On Wed, 2008-12-17 at 14:30 -0500, Internaut at Large wrote:
> Greetings,
> 
> On Wed, 2008-12-17 at 14:25 -0430, Patrick O'Callaghan wrote:
> > On Wed, 2008-12-17 at 10:35 -0800, David Graves wrote:
> > > I leave evolution open on my home machine and head to work. I read and
> > > delete emails all day at work. I come home to find all my messages
> > > unread at home and if I do anything except close evolution
> > > immediately,
> > > it undeletes all the deleted mail and marks unread all the read mail.
> > 
> > This has been discussed many times. The basic problem is that IMAP is
> > not designed for concurrent access from multiple clients. Each client
> > maintains its own state and there's no standard way for them to synch
> > with each other.
> > 
> > An explicit "sync" command from Evo could update the server state, but
> > wouldn't update other clients until they also synched. Then you have the
> > problem of possible inconsistency between updates, i.e. this is harder
> > to do transparently than it looks.
> > 
> > It used to be the case that switching folders would force an update. I
> > don't know if that's still true, but even if it is it still wouldn't
> > guarantee consistency between multiple clients.
> > 
> > My solution to this is never to have two instances of Evo open at once.

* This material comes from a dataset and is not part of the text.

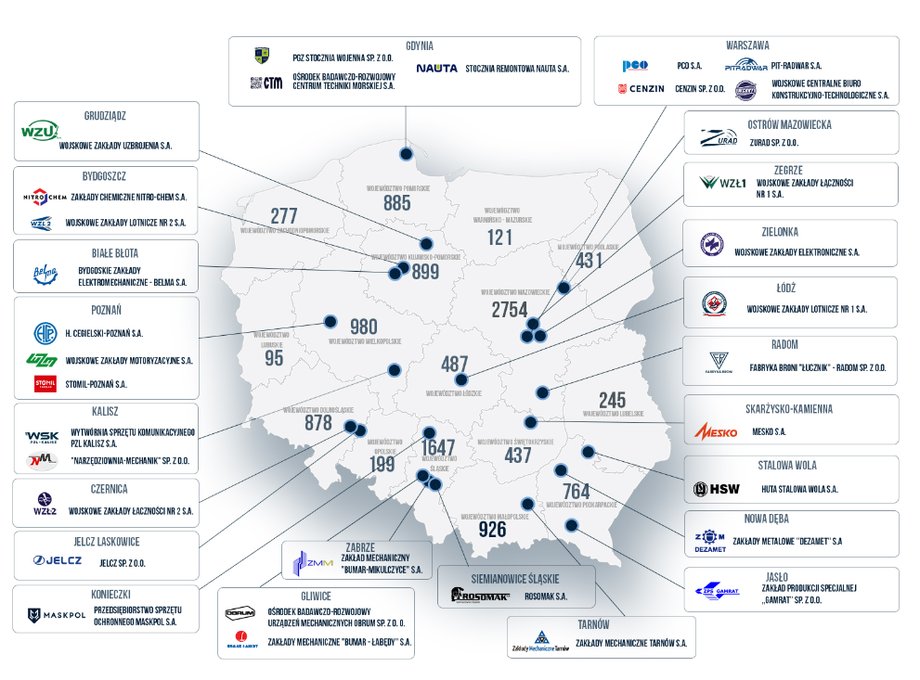 Mapa potencjalnych beneficjent&oacute;w programu SAFE.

> > When I leave home, I close Evo, ditto when I leave the office, and I
> > have no problems of this sort.
> 
> When you say you "close evo" does that involve shutting down the
> evolution data services as well?  (For those who don't know ... if you
> don't actually log out, or shut down that machine, doing a evolution
> --force-shutdown does it.)

Not necessary in this case. Just close the front-end (File->Quit).